Canal Seine-Nord-Europe : des approches environnementales jugées vertueuses

Le canal Seine-Nord Europe reliera la Seine à l'Escau        © Michel Godfroid

Destiné à désenclaver la Seine et la relier aux grands canaux du nord de l'Europe, le canal Seine-Nord-Europe bénéficie désormais d'une autorisation environnementale pour l'ensemble de son tracé.
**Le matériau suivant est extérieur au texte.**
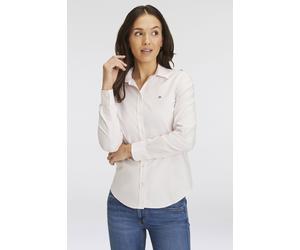 Langarmbluse GANT "New Slim Stretch Oxford Blouse", Damen, Gr. 44, rosa (light pink), Obermaterial: 97% Baumwolle, 3% Elasthan, unifarben, slim fit hüftlang, hoch geschlossener Ausschnitt, Manschette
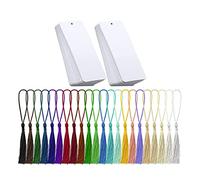Cpolebev 80 Pieces White Blank Bookmarks Cardstock with 80 Pcs Colorful Tassels, for DIY Classroom Projects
Le projet de canal Seine-Nord Europe vient de franchir une nouvelle étape. Après la validation des 18 premiers kilomètres entre Compiègne et Passel dans l'Oise, en 2021, les 89 kilomètres restant, jusqu'à Aubencheul-au-Bac dans le Nord, viennent à leur tour de décrocher leur arrêté d'autorisation environnementale, signé vendredi 9 août par les préfets des départements de l'Oise, de la Somme, du Pas-de-Calais et du Nord. Les travaux vont donc pouvoir débuter sur ce dernier tronçon, afin de pouvoir désenclaver la Seine, en 2030, grâce à la connexion de cette infrastructure de 107 kilomètres de long et 54 mètres de large à l'Escaut, en Belgique, puis aux quelque 20 000 km de voies fluviales européennes.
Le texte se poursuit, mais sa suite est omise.